_What is expected_:
Using the material that follows, output exactly the lines from the one containing "现在什么新兴产业赚钱,中国未来十年最赚钱的十大行业" through the one containing "USB-C Hub med kortlæser og HDMI-port", with both ends kept.

_Data for this exercise_:
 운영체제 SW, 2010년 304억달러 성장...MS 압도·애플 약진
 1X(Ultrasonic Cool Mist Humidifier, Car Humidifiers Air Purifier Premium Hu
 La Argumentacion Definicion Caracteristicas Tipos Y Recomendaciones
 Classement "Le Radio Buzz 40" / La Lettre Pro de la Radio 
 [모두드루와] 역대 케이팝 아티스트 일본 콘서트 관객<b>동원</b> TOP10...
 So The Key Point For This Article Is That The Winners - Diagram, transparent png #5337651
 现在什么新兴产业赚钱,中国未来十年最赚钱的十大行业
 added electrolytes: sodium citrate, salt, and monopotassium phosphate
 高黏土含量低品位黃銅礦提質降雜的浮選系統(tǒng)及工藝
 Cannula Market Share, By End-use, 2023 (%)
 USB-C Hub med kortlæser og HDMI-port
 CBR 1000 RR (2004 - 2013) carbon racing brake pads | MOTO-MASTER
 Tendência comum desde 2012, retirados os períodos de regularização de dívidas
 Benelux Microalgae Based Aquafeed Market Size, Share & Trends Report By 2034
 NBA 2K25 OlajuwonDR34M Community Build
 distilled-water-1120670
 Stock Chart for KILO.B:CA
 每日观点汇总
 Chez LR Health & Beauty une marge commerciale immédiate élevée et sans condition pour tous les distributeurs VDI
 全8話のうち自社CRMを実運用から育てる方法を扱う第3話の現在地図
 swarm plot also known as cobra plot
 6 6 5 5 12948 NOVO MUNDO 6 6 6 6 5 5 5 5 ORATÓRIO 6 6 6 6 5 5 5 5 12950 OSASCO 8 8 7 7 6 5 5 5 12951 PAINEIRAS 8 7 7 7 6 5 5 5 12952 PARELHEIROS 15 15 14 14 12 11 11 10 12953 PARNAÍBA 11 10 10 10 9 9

_Response_:
 现在什么新兴产业赚钱,中国未来十年最赚钱的十大行业
 added electrolytes: sodium citrate, salt, and monopotassium phosphate
 高黏土含量低品位黃銅礦提質降雜的浮選系統(tǒng)及工藝
 Cannula Market Share, By End-use, 2023 (%)
 USB-C Hub med kortlæser og HDMI-port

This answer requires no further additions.